The tuco-tucos’ main challenge after the eruption was food. They rely on the plants growing near their burrow openings; when these plants run out, they have to make new tunnels to new plants, which takes a lot of energy. If plants can’t regrow faster than a tuco-tuco gets exhausted from tunneling, that little rodent is in trouble. Dr. Lacey tested the growth rate of one of the tuco-tucos’ favorite plants and found that just 5 cm of ash substantially reduced the growth of new shoots, and ash depths of 10 and 15 cm cut the number of growing shoots in half. When Dr. Lacey’s collaborator Risa Takenaka compared the stable isotopes in samples of tuco-tuco fur from before and after the eruption, she confirmed that the types of plants making up the tuco-tucos’ diet had been changed by the eruption.
The tuco-tucos could not get through a major volcanic eruption unscathed—but they were not gone, either. Over time the ash cover would disappear, the plants would rebound, and the surviving tuco-tucos would expand their population again. Historical evidence suggests that the tuco-tucos have survived a major volcanic eruption at least once before: that time, too, their population size was reduced, but they made it through.

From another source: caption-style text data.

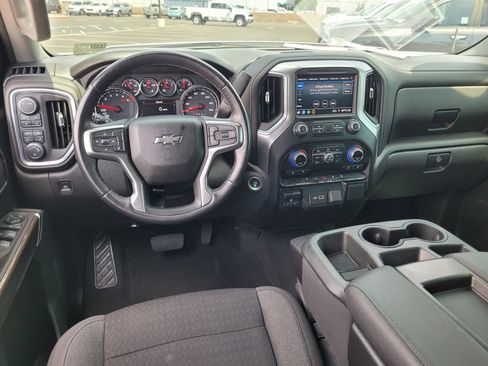 Used 2022 Chevrolet Silverado 1500 RST AWD/4WD image 17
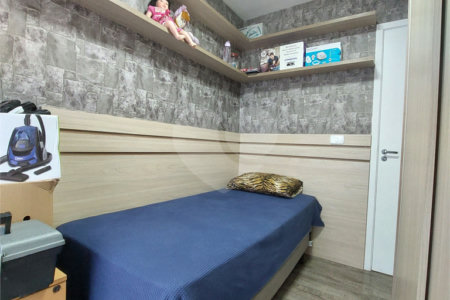 Apartamento à venda com 3 quartos, sendo 1 suíte, em Jardim Flor da Montanha, Guarulhos, SP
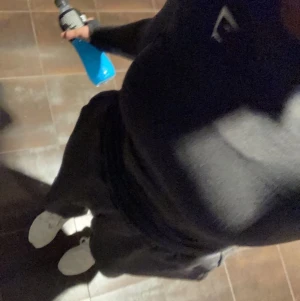 Gymshark-Vital seem less top  - Råkade beställa 2 likadana tröjor av gymshark, har använt den ena ett fåtal gången och jag ÄLSKAR! Denna jag säljer passar storlekarna S/M har även  använt 1 gång så den är helt som ny utan några som helst problem OBS: frakten kostar 25kr 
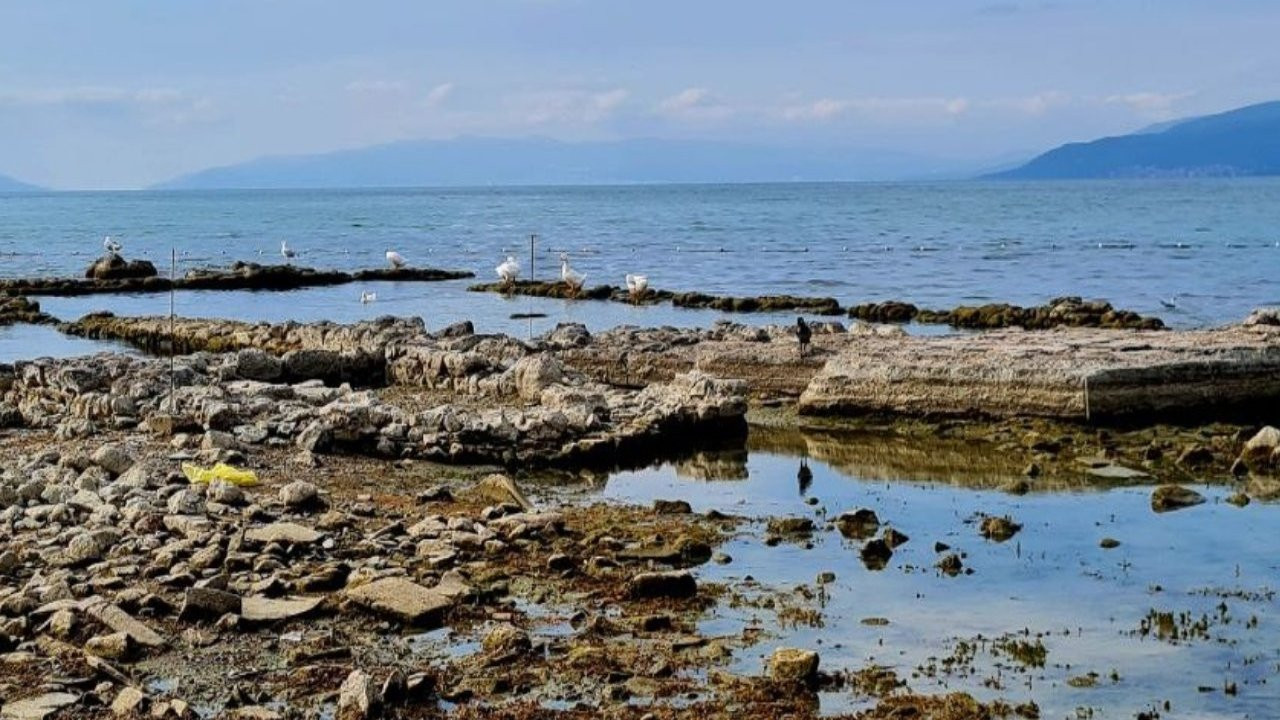 İznik Gölü'nü kuraklık vurdu: Batık bazilika kalıntısı ortaya çıktı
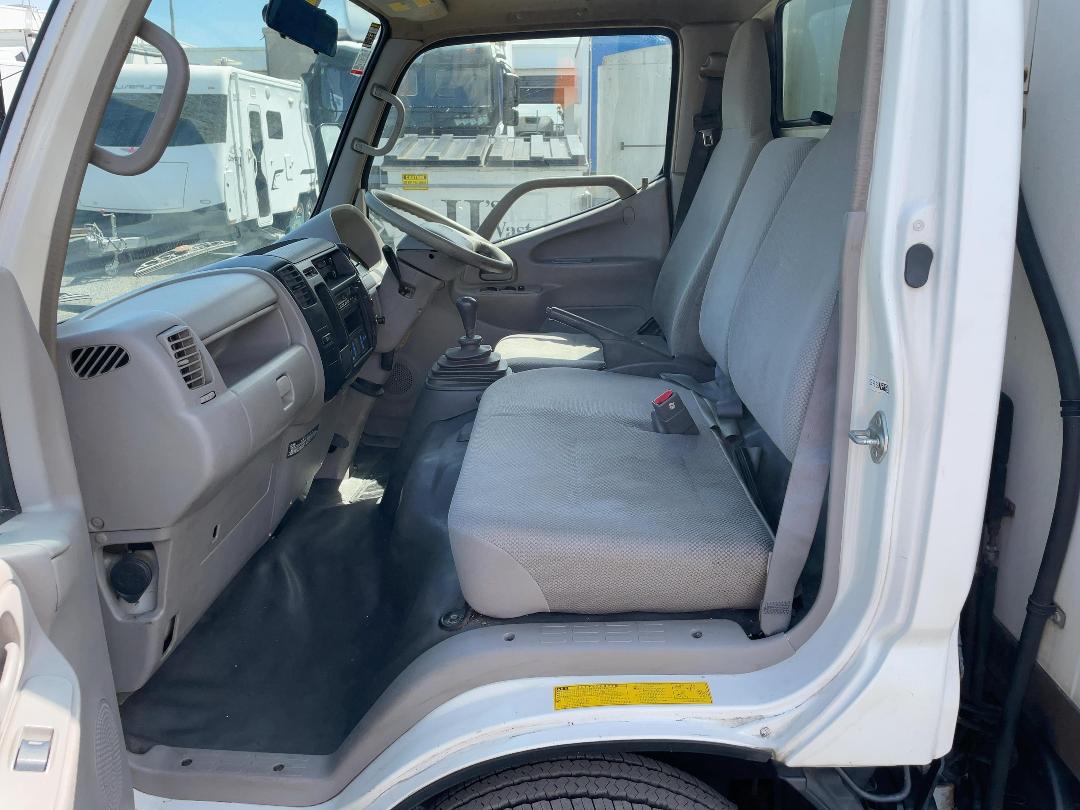 Photo '21' of Toyota Toyoace Chiller Photo '21' of Toyota Toyoace Chiller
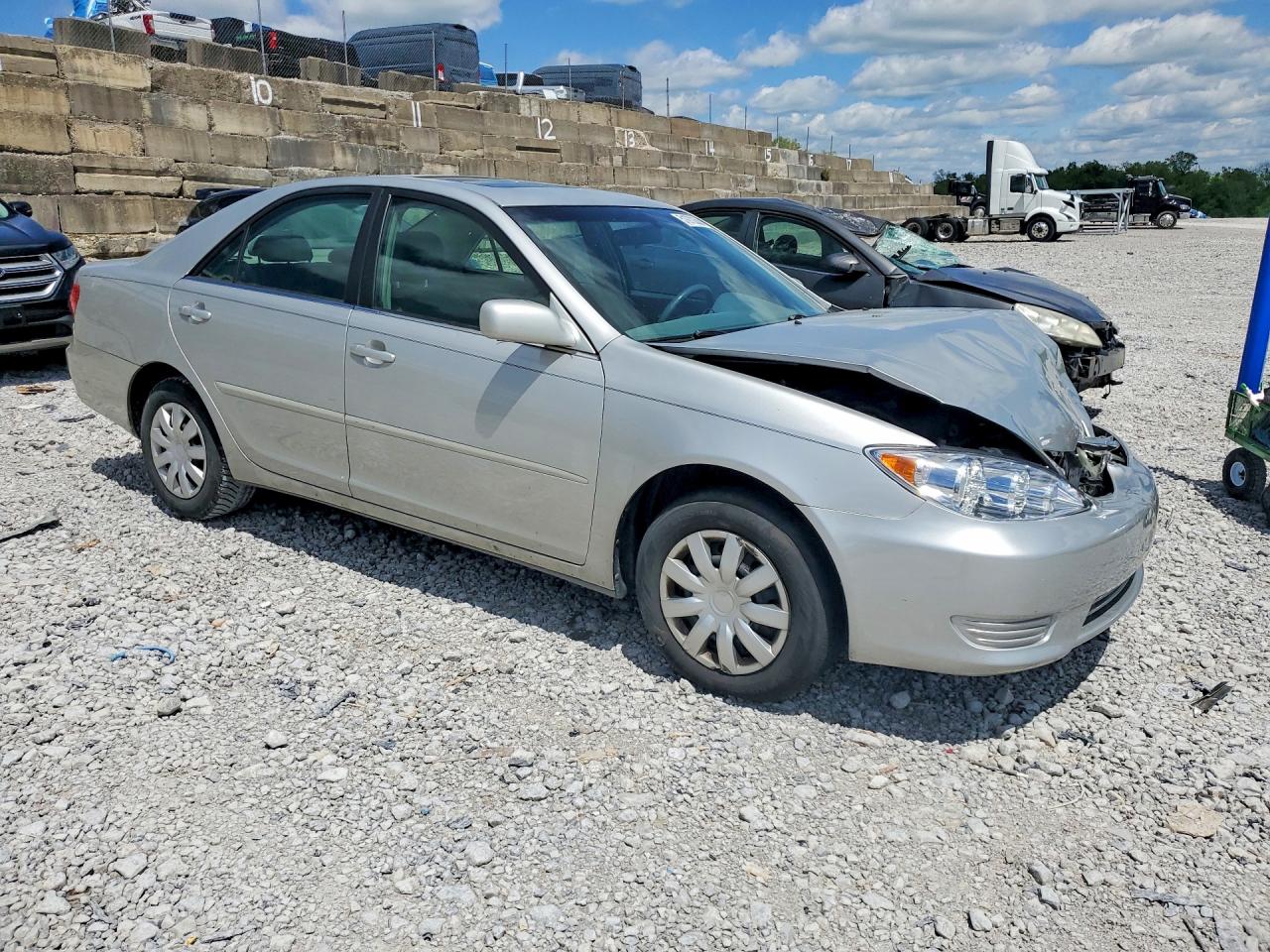 2005 TOYOTA CAMRY LE photo 7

Long-term studies of wild animals are rare: it’s hard to get funding for them, and hard to get folks excited about results like “Year 12 looks pretty much like we expected!” Yet there are many things that you can only find out by studying animals for a long time. Major volcanic eruptions are not exactly top of that list, if only because no one expects them to happen—but without Dr. Lacey’s decades of research on the tuco-tucos, we would not have had a good sense of what “normal” years look like for them, and so could not have tested whether the eruption had an effect. Most years are normal years for most animals, but to survive to see those years, they have to make it through the rare abnormal years. Being able to scientifically document those abnormal years is a rare and precious thing.
Lacey EA, Takenaka R, LaBarbera K*, Tammone MN (2019) Ecological and demographic impacts of a recent volcanic eruption on two endemic patagonian rodents. PLoS ONE 14(3): e0213311. https://doi.org/10.1371/journal.pone.0213311
*Oh look, it’s me! I analysed the data and helped (with all the other authors) write the paper.